2 most common causes of death in the US:
Pneumonia (caused by Pneumocytis fungi) and
Kaposi's sarcoma (vascular neoplasm)
Viral infections: Herpes simplex, herpes zoster, cytomegalovirus, and multifocal leukoencephalopathy.
Fungal infections: Candidiasis, Crytpococcal meningitis, and histoplasmosis.
Bacterial infections: Atypical Mycobacterium avium-intracellulare and Mycobacterium tuberculosis; world-wide, tuberculosis is the leading cause of death of individuals with HIV.
Protozal infections: Toxoplasmosis and Cryptosporidiosis.
In an untreated individual:
Y-axis: Relative Levels
X-axis: 0 – 12 weeks, then, 0 – 10 years. (Interrupted)
Primary infection lasts approximately 9 weeks, followed by chronic and clinical latent infection; without treatment, disease progression to AIDS occurs approximately 10 years later.
Viral RNA
Levels of viral RNA spike upon infection, causing acute retroviral syndrome in many individuals, then gradually fall as the host immune system responds.
During the period of chronic infection, viral RNA levels steadily rise, then, during the final stage, AIDS, increase dramatically.
CD4+ T cells
CD4+ T cell counts are initially high, but decrease due to HIV destruction. Some authors state that the gut-associated lymphoid tissue (
GALT) is a major site of CD4_ T cell destruction at this time; furthermore, GALT is thought to be a key reservoir for HIV during clinical latency.
CD4+ T cell counts may rise temporarily, but, overtime, steadily decrease as HIV replicates during the chronic period; then, by definition, CD4+ T cell counts fall drastically with the onset of AIDS, thus leaving the host vulnerable to opportunistic infections and death.
The host begins producing
anti-HIV antibodies towards the end of the primary infection period; they continue to rise during the chronic period, and, despite their inability to eradicate HIV, remain elevated with the onset of AIDS.

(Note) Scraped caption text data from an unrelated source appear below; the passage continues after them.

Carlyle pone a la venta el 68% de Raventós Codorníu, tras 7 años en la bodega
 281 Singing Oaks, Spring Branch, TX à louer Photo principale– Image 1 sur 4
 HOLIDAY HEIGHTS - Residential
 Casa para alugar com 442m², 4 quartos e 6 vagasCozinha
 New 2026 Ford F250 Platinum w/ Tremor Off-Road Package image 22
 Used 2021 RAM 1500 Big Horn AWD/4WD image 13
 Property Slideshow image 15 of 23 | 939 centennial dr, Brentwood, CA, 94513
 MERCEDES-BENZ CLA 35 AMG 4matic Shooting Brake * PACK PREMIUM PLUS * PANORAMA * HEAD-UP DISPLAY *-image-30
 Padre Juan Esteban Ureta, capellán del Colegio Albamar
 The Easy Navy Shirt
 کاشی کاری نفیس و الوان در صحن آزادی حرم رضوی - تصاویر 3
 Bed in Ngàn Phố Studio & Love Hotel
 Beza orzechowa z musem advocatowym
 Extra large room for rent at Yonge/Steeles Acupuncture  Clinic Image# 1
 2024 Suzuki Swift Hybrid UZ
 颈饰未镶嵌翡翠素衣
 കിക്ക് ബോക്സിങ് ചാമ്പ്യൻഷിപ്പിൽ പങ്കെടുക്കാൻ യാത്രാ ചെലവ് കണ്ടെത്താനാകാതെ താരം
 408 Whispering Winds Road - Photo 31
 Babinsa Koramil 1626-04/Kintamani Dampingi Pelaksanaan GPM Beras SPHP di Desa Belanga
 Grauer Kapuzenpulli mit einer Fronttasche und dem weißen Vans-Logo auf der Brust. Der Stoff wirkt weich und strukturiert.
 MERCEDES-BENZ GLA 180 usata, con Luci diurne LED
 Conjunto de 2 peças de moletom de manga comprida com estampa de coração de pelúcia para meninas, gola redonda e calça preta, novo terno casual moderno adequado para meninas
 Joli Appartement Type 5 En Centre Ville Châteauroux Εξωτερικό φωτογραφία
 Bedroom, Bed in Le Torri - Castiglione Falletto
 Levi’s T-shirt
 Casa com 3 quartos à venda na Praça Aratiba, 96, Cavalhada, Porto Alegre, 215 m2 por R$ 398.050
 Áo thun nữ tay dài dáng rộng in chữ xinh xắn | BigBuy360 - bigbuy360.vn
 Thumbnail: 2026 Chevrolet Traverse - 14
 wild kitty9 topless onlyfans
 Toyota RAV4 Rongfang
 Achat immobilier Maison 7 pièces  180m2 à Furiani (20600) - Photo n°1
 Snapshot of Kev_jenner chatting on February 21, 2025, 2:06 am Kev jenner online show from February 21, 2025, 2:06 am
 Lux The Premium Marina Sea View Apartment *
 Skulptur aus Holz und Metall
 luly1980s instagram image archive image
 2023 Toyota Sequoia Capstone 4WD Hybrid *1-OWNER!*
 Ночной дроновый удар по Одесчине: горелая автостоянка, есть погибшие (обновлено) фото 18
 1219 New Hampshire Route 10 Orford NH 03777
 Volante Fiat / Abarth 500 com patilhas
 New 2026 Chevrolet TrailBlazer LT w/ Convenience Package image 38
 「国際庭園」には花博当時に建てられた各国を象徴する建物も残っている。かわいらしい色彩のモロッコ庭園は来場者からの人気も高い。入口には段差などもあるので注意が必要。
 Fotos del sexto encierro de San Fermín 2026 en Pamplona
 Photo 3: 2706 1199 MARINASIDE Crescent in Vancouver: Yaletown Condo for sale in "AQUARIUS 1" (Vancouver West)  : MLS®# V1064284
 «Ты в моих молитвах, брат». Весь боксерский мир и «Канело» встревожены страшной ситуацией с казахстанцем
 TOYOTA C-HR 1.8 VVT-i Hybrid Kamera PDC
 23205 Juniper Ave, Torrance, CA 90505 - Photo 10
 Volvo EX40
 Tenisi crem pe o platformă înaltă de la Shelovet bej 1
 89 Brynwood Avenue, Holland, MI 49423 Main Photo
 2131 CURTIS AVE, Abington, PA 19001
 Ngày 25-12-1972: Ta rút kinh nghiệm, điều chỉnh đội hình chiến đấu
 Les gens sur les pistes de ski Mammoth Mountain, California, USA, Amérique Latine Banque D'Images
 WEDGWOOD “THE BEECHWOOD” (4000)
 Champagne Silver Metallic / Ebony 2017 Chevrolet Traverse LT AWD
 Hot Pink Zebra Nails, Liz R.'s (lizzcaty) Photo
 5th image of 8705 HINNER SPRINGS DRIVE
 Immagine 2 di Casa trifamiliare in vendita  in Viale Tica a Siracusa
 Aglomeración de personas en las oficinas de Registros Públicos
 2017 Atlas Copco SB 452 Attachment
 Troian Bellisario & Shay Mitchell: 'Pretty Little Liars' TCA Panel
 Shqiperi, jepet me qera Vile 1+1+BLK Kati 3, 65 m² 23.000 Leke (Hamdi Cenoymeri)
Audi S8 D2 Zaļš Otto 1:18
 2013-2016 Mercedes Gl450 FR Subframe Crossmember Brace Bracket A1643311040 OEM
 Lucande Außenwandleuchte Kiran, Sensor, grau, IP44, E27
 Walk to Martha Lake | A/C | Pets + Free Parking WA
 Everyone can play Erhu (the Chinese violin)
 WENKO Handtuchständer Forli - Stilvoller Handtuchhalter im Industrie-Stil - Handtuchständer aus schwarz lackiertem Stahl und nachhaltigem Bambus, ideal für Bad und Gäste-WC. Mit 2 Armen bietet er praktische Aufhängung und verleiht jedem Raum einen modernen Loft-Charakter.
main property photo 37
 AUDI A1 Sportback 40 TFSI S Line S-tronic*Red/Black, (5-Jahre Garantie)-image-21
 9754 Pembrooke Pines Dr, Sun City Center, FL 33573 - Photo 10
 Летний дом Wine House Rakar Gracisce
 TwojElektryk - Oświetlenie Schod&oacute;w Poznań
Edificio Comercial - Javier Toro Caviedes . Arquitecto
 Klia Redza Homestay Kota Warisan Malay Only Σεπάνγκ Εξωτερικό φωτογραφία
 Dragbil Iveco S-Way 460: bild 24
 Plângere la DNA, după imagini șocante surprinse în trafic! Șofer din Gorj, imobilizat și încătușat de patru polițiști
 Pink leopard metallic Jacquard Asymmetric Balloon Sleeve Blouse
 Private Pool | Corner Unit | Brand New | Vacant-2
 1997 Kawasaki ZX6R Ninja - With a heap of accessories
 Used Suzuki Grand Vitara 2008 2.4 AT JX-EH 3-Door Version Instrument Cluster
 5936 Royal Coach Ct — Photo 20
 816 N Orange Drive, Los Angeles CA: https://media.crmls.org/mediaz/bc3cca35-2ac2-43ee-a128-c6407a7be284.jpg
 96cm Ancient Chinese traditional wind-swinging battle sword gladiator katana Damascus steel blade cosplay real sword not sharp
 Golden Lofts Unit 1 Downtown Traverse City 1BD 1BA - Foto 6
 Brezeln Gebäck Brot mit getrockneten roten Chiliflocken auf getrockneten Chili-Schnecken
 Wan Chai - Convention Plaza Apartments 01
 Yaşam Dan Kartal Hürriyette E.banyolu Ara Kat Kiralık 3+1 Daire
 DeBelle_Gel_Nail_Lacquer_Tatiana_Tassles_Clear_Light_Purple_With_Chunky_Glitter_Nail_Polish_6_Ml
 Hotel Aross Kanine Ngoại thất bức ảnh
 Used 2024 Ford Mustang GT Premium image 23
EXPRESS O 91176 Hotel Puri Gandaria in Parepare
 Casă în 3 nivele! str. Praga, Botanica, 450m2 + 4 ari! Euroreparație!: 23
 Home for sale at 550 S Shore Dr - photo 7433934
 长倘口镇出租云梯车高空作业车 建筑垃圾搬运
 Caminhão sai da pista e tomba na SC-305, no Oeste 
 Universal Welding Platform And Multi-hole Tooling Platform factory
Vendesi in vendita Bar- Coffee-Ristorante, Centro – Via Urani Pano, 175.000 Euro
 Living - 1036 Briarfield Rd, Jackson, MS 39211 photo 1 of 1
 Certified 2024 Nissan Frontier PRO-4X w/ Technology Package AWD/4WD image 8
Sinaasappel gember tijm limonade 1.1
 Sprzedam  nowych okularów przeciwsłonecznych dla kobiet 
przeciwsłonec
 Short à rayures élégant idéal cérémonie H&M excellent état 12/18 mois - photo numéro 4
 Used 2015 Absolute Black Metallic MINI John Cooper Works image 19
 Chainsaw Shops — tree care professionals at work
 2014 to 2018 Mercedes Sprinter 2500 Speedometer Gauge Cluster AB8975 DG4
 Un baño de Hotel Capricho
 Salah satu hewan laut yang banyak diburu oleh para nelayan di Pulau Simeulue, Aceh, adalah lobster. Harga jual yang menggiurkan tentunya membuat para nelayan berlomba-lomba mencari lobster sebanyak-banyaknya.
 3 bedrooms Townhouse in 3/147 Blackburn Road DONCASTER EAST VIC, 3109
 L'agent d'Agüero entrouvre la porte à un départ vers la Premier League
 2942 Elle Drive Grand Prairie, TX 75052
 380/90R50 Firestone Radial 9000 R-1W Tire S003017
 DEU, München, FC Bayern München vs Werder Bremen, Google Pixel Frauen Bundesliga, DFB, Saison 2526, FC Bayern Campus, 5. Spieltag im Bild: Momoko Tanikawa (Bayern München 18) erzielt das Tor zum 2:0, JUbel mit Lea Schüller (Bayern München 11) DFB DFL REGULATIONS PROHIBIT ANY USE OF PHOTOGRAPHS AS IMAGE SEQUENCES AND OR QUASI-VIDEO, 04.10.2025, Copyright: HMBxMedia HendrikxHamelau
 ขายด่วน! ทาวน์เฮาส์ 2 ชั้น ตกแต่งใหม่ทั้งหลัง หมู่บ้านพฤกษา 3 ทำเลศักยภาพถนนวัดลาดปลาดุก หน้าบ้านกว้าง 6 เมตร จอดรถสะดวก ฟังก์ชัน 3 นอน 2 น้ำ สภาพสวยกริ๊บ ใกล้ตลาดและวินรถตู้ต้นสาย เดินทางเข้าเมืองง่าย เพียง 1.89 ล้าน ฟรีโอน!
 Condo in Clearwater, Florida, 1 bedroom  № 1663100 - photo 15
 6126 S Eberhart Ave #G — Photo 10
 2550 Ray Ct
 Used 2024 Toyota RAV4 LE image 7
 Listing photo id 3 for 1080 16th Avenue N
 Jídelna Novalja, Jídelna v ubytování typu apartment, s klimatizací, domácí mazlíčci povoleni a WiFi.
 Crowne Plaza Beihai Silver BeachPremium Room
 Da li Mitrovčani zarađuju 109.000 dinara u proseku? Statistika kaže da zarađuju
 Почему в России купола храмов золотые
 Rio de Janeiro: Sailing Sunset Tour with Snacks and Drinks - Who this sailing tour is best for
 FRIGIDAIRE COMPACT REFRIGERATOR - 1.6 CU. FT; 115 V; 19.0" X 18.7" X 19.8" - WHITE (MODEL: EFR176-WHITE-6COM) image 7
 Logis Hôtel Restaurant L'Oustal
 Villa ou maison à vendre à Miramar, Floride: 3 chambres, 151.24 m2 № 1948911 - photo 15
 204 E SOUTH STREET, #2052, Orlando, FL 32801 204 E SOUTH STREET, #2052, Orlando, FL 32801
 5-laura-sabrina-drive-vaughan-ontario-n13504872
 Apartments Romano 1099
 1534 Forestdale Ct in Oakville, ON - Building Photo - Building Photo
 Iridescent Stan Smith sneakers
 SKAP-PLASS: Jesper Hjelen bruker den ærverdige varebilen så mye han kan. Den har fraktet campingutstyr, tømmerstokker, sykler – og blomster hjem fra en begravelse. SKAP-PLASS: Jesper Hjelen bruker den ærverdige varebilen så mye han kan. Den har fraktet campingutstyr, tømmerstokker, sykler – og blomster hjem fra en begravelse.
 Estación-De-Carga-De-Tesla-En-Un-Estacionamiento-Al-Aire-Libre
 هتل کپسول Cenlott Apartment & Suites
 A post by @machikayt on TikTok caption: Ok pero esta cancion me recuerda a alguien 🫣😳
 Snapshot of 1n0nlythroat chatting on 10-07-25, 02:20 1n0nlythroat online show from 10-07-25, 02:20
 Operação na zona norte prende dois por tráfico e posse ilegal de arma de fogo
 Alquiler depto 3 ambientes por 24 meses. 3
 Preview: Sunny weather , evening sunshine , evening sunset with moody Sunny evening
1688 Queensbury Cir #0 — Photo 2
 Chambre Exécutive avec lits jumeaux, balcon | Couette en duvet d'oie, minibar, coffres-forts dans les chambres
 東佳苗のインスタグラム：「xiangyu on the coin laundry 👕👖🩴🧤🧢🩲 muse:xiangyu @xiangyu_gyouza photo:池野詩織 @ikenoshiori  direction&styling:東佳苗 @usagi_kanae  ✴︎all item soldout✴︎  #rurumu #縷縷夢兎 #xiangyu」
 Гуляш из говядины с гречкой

CD4+ T cells are depleted, including both activated and memory cells.
HIV induces a shift from predominantly the Th1 subset of helper T cells to Th2, which leads to shifts in
cytokine production that favor HIV infection.
CD8+ T cells are also affected, with decreases in their cytotoxicity.
B cell activation is impaired by loss of functional T cells; paradoxically, mature B cells are over stimulated, leading to hypergammaglobulinemia, but become unable to mount effective antibody responses to new antigens. Circulating immune complexes form, and the risk of lymphomas increases.
Macrophages become dysfunctional, with decreased chemotaxis and phagocytosis and reduced ability to present antigens to T cells.